A spherical capacitor has inner radius a and outer radius b. What is its capacitance?

• A. C = 4π ε0 a /(b − a)
• B. C = 4π ε0 b /(b − a)
• C. C = 4π ε0 (a + b) /(b − a)
• D. C = 4π ε0 a b /(b − a)

Answer: (D)

The essential idea is to relate charge, potential, and geometry for a spherical capacitor using symmetry and Gauss’s law. Between the inner radius a and outer radius b, the electric field is radial and has magnitude E(r) = Q/(4π ε0 r^2).

To find the potential difference, integrate the field from the inner surface to the outer surface: V = ∫ from a to b of E dr = ∫_a^b Q/(4π ε0 r^2) dr = (Q/(4π ε0))(1/a − 1/b) = Q/(4π ε0) (b − a)/(ab).

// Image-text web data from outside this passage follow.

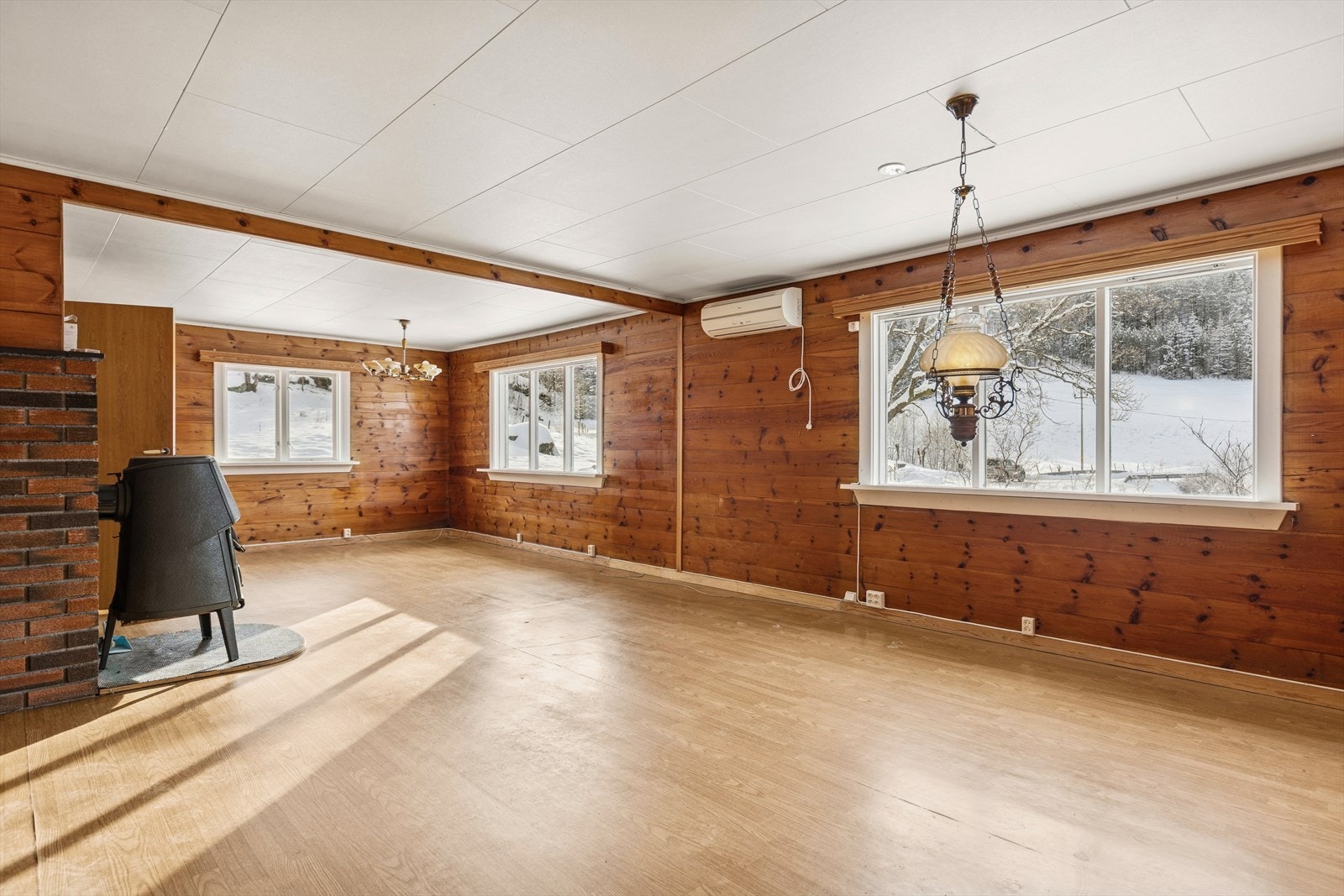 Det er montert både vedovn og varmepumpe i rommet. Galleribilde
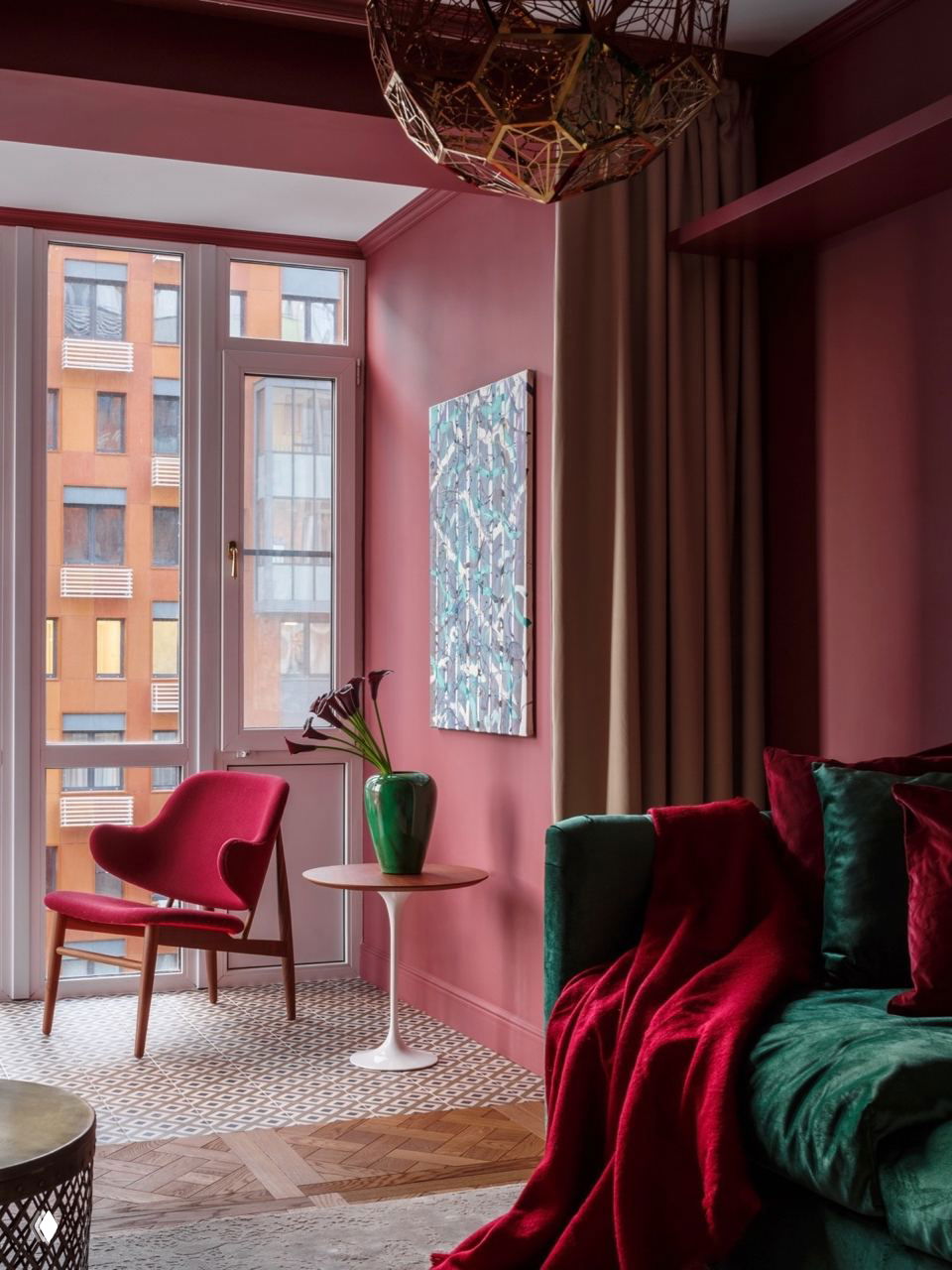 Уютный бордово‑зелёный интерьер с диванными текстурами и декоративными элементами, окно добавляет мягкий дневной свет.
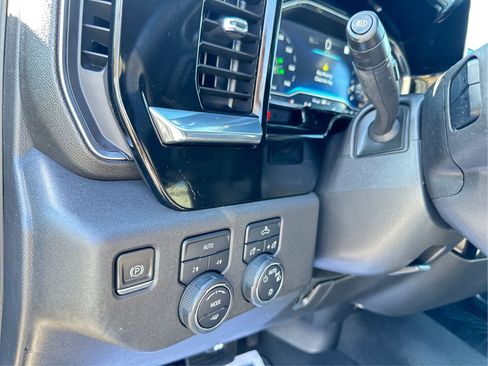 Used 2023 Chevrolet Silverado 1500 LT AWD/4WD image 19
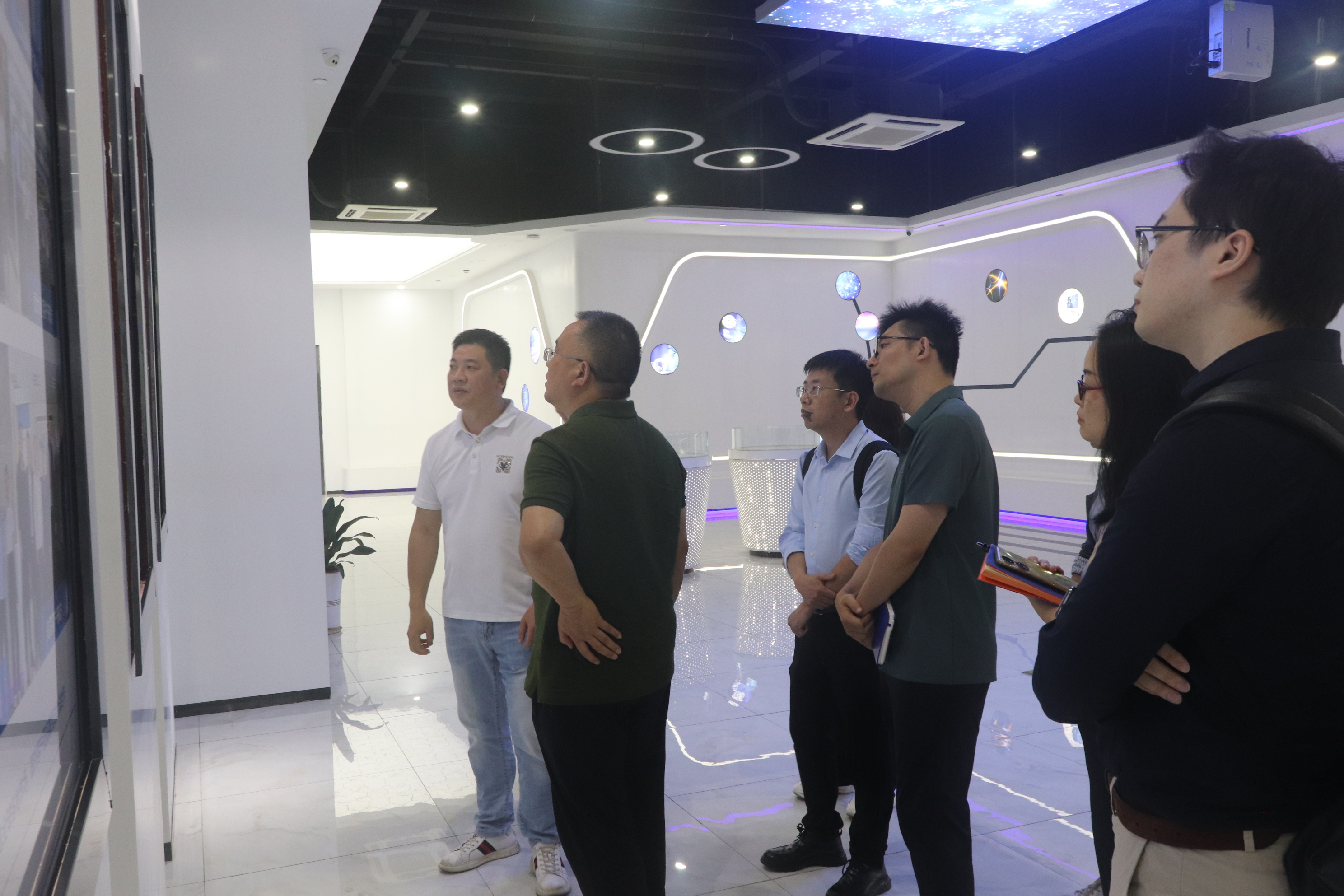 Welcome customers from Shenzhen to visit our company on April 27, 2025 Welcome customers from Shenzhen to visit our company on April 27, 2025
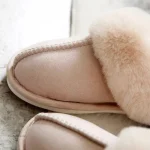 Chaussons douillets, l’accessoire parfait de l’hiver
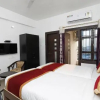 Отель OYO Rooms 170 Hotel Galaxy, фото 3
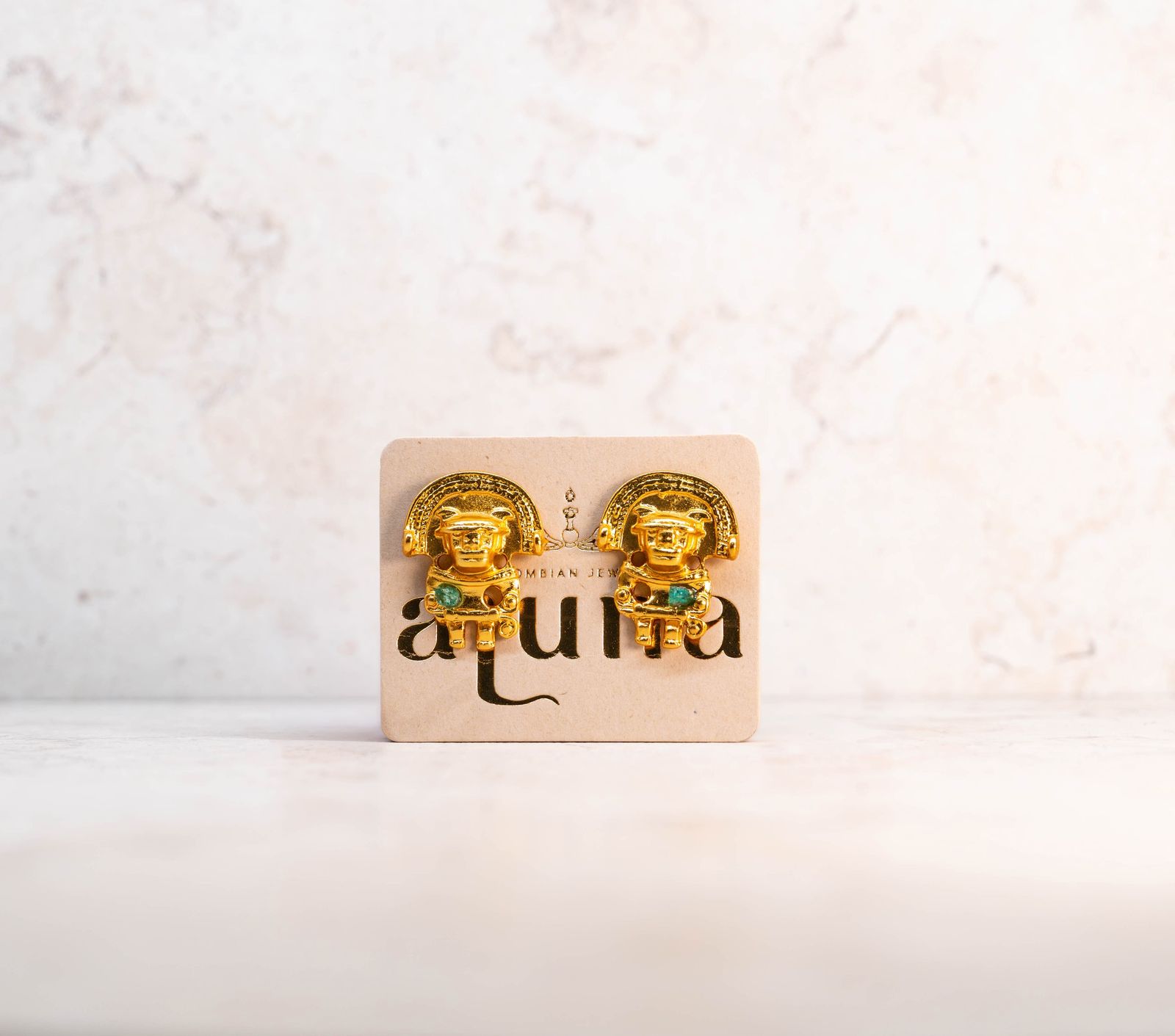 Tunjo Raw Emerald Earrings — detalle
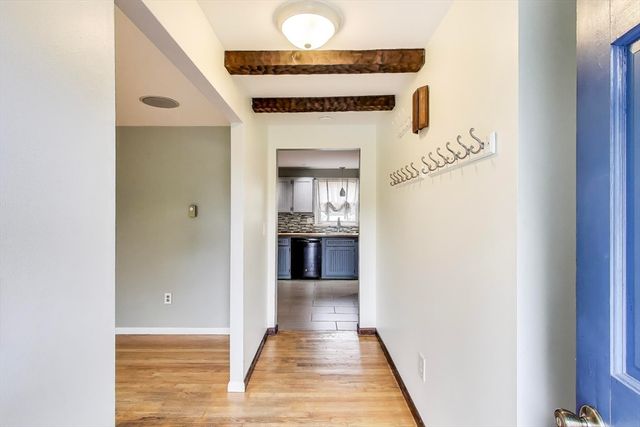 2 Lark Drive, Hudson, MA 01749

The capacitance is C = Q/V, which yields C = 4π ε0 ab/(b − a). This result also matches physical limits: as the outer radius goes to infinity, the capacitance approaches that of an isolated sphere, 4π ε0 a; as the two spheres get very close (b → a), the capacitance grows without bound.

Alternatives that miss the ab product in the numerator or replace it with a single radius fail to capture how both radii interact in shaping the field and the potential, and they do not reproduce the correct limiting behavior.